Narrado pela tia, conforme informações colhidas, o Gabriel vivenciou o luto de sua mãe por meses. A hora do repouso estava sendo o momento mais difícil para ele, pois só dormia com a tia segurando a sua mão.

Ele escreve: “Gostei de rezar para Madre Clélia porque lembro da minha mamãe que me ensinou a rezar”.

Figura 3 - Clelinha protetora

Fonte: Colégio Sagrado Coração de Jesus-SP

O significado religioso da Clelinha passou do imaginário para a experiência religiosa, recordando como aborda o início desse capítulo ao citar Larrosa (2004) que a experiência “passa”, “acontece”, “toca” a pessoa na sua particularidade afetando e transformando algo.

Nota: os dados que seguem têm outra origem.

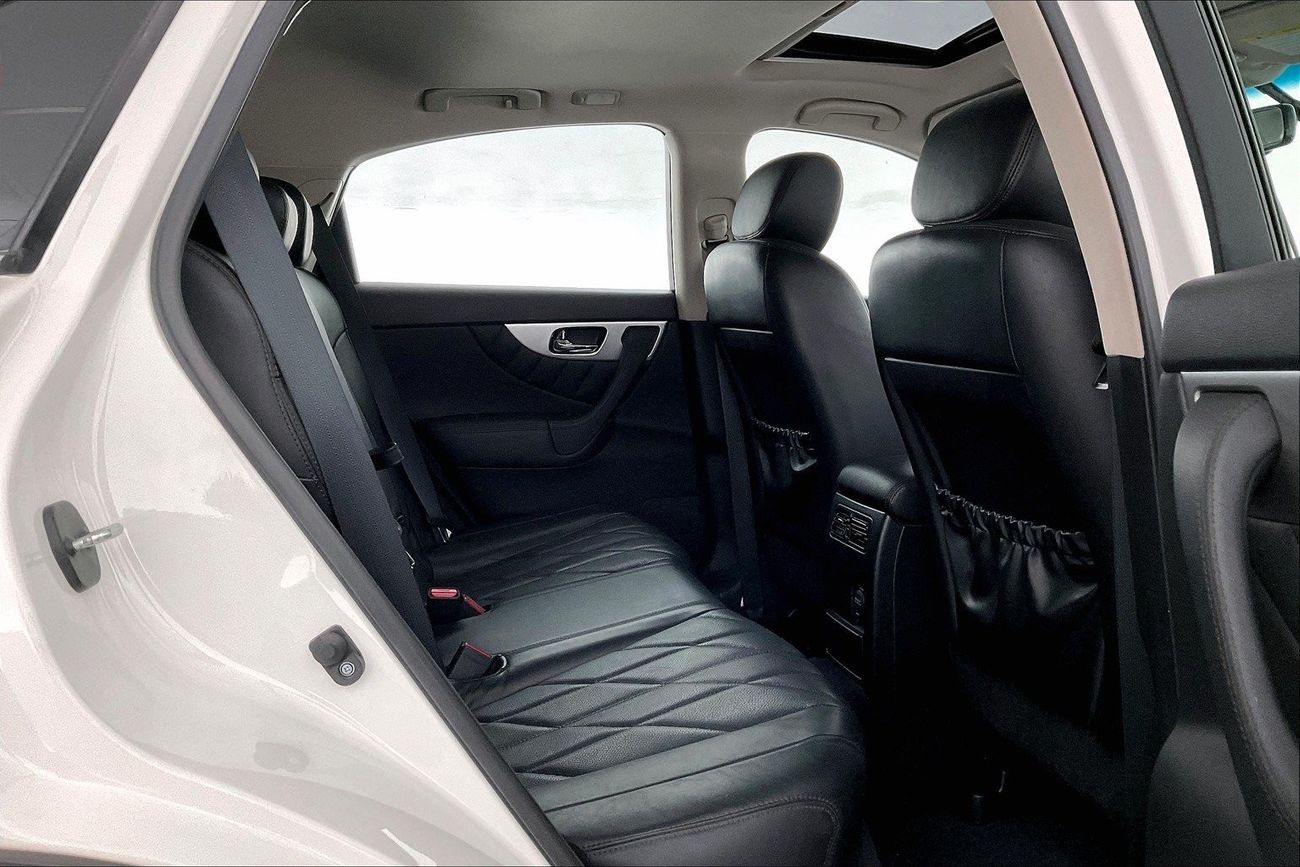 Toyota Yaris G | 1 year free warranty | 0 Down Payment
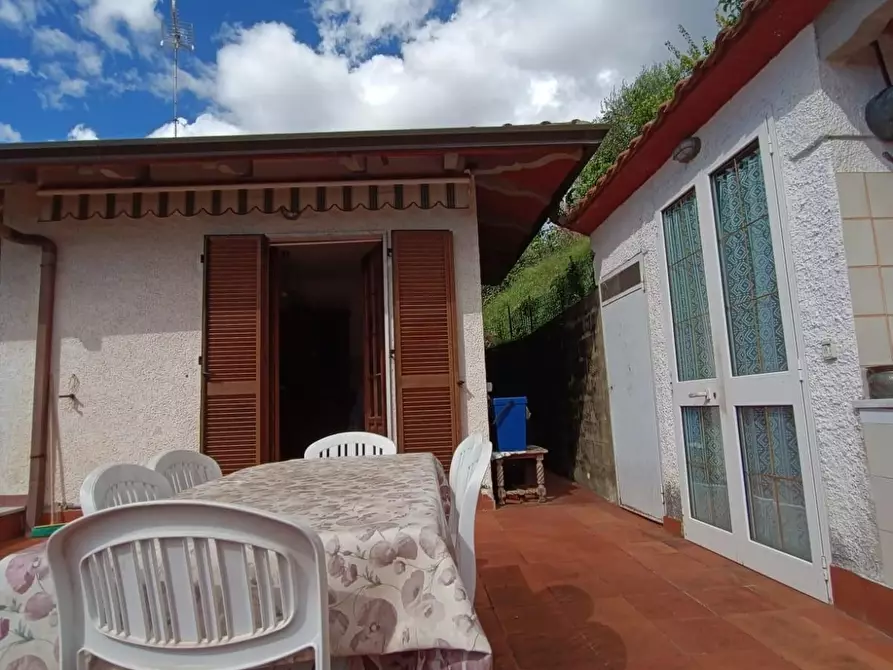 Immagine 33 di Casa bifamiliare in vendita  a Massa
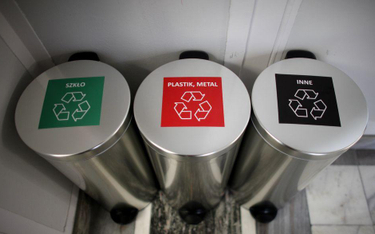 Drakońska podwyżka opłat za niesegregowane śmieci - projekt ustawy o odpadach
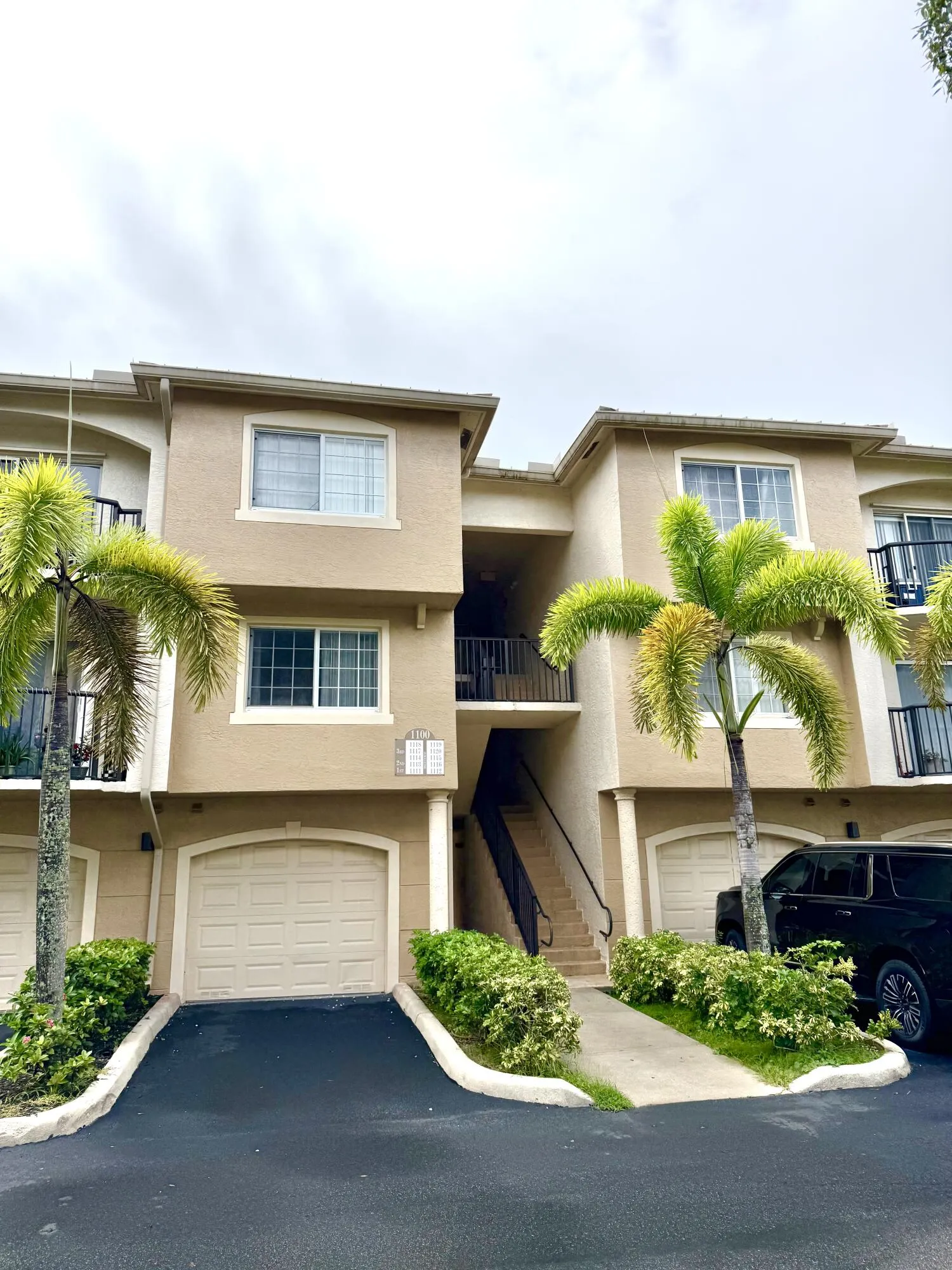 1100 Crestwood Court S #1112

Na compreensão do Gabriel estar com a Clelinha é o intermédio (que a sua imaginação permite vivenciar) de estar consecutivamente com a sua mãe, por ambas se encontram juntas no céu e com Deus.

A morte tem seus diferentes significados socioculturais, mas para a o Gabriel, o que parecia ter sido uma perda, um distanciamento, tornou-se uma possibilidade de reencontro. Durand aborda a morte perante a realidade e o imaginário, ou seja, a morte é certa para todos os vivos, e não há nada a fazer para impedi-la, no entanto, pela fé em um rito, a morte não tem seu poder, pela fé se alcança a imortalidade.

O fantástico imagina o veículo de velocidade infinita. Envelhecemos no tempo, e a morte espreita-nos: sabemo-lo, porque somos capazes de identificar-nos com os outros. No entanto, não haverá um remédio, a prece de um Xamã que nos salve da morte? O imaginário encontrará a armadura invisível, a proteção sobrenatural que torna imortais os que têm fé no rito mágico ou religioso (DURAND, 1999, p.134).

Diante do exemplo referente ao Gabriel, fica claro que imaginar é, portanto, formar opiniões pensadas, refletidas; é descobrir-se em relação ao outro; é superar- se perante traumas, situações difíceis e desafiadoras; é construir a própria

personalidade. A criança pelo imaginário descobre significações entre ela e o mundo, e as interioriza. “A criança toma consciência do que é possível, mede a diferença entre imaginário e real” (POSTIC, 1992, p.22). Essa construção interna cheia de significações realiza o equilíbrio do ser na busca de sua autonomia.